A wide-hipped woman in a flowing dress, her makeup too
thick, her jewelry too flashy, passed us with a much younger man behind her. His baseball cap hid his hair and his long-sleeved shirt covered any tattoos, but the way Sarah looked told me everything. He stopped at our table, a dead, full stop as though someone had suddenly nailed his feet to the ground.
“Sarah.” Longing dripped from his voice, but she pretended she didn’t hear.
His gaze caught mine for a second, both of us embarrassed, and he moved on as though he hadn’t spoken. I saw him talk to the woman, his hand on her back and her greedy gaze devouring him. She didn’t look our way, but nodded and got up to move to the other side of the room, behind a wall so we couldn’t see.
“Do you want to leave?” I asked.
Sarah stabbed her salad again. “No. I’m not letting that fucker ruin my lunch.”
I was sure he’d already ruined it, but didn’t say so. “Do you want to talk about it?”
“Jack,” Sarah said, “is a whore.”
“Oh, my God.” I remembered our conversation from a few months back. “You weren’t kidding?”
“No. He fucks women for money.”
“Oh. Wow.” I had nothing more to say about that.
Sarah drank angrily and tore a hunk of bread into increasingly tiny pieces. “At first, you know, I was like, whatever. It’s just a job, right? God knows I’m no virgin or anything. I’ve fucked dudes for reasons other than love.”
“Well…I think everyone does, sometimes.”
She shook her head and stared at the mess on her plate. “And I don’t care that he did it, Liv. I really don’t. I just care that he keeps doing it.”
Her voice broke, and I wanted to pet her. Sarah was the hugger, and she needed one now. I had to settle for taking her hand and squeezing it.
“I’m sorry.”
She squeezed back, then withdrew it to wipe the crumbs from her palms. She looked up at me. Her smeared mascara made her look even more tired.
“I know a lot of women who wouldn’t be able to get past that he did it at all, you know?”
I thought of the first time I saw Alex. “Yes. Boy, do I ever know.”
She nodded, her expression serious. “Yeah. You do. So I can…not forgive, because I don’t think he did wrong. But I can put whatever he did before me aside, because you know, it was before. And it’s not everything he is. But…I can’t be with him if he still does it. You know?”
I thought of the airline steward’s hopeful eyes and Alex’s bad joke about the cream for the coffee. “I understand, absolutely.”
Sarah smiled. “I know you do.”
“So why didn’t you talk to me about this before, dumb-ass? God, how long has this been going on?” I studied her. “You look like shit, by the way. I didn’t want to say so before, but since we’re being all honest and stuff—”
“Fuck you, Olivia,” Sarah said, but she was laughing.
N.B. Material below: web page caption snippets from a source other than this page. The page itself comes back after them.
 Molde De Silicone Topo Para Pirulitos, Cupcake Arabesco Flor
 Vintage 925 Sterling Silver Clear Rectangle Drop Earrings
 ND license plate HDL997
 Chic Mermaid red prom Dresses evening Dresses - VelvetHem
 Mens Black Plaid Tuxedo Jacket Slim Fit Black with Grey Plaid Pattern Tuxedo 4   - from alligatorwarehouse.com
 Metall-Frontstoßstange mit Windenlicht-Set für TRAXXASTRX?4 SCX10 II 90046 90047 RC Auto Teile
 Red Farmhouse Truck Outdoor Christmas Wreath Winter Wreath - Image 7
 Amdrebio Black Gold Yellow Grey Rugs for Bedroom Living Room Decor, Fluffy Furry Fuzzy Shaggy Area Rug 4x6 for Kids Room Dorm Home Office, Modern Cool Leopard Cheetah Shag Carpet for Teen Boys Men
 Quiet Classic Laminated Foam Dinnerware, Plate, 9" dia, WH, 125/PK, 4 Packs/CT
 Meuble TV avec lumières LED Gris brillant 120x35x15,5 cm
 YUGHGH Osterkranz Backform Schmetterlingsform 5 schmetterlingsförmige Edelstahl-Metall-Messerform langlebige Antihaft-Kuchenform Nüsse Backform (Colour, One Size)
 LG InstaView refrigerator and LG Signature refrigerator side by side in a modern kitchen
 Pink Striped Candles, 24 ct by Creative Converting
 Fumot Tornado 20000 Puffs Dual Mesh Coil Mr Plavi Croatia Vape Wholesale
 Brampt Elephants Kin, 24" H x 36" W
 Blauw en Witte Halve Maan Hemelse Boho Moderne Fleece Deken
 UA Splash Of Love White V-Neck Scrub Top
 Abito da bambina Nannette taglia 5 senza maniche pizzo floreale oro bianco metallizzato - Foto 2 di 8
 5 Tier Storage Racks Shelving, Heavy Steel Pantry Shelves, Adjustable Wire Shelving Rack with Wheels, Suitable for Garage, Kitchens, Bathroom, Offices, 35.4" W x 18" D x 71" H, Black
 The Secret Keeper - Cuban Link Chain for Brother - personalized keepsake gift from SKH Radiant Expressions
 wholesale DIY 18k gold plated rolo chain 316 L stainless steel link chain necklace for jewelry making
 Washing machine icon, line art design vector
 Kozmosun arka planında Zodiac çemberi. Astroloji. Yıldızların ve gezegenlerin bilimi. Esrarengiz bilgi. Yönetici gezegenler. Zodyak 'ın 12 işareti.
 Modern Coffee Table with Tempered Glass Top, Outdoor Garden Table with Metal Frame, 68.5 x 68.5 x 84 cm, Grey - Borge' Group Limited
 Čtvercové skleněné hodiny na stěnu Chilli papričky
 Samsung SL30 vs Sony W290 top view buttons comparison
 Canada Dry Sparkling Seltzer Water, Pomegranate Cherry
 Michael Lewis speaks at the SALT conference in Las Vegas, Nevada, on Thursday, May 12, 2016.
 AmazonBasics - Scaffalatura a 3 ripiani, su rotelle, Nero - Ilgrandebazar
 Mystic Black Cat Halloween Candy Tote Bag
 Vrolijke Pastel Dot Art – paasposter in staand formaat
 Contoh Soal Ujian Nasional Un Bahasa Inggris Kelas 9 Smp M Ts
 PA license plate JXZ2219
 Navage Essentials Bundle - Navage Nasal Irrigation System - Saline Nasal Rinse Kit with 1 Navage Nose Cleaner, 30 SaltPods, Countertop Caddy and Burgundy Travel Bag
Some color had come back to her cheeks. She actually ate a bite of bread. “I don’t know. I didn’t want to weigh you down. I didn’t want to talk about it because I just…Shit. It’s different with him, that’s all.”
She looked very sad and very small. “Or at least, I thought it could be.”
Sarah had seen me through many a bad date and derailed relationship, but I’d never seen her this way before. “I’m sorry.”
She heaved a heavy sigh. “It’s okay. I’ll get over him, just to piss him off.”
We laughed. When we left, I looked for a glimpse of the man who’d tried to break my friend’s heart, but he must’ve left from a different door.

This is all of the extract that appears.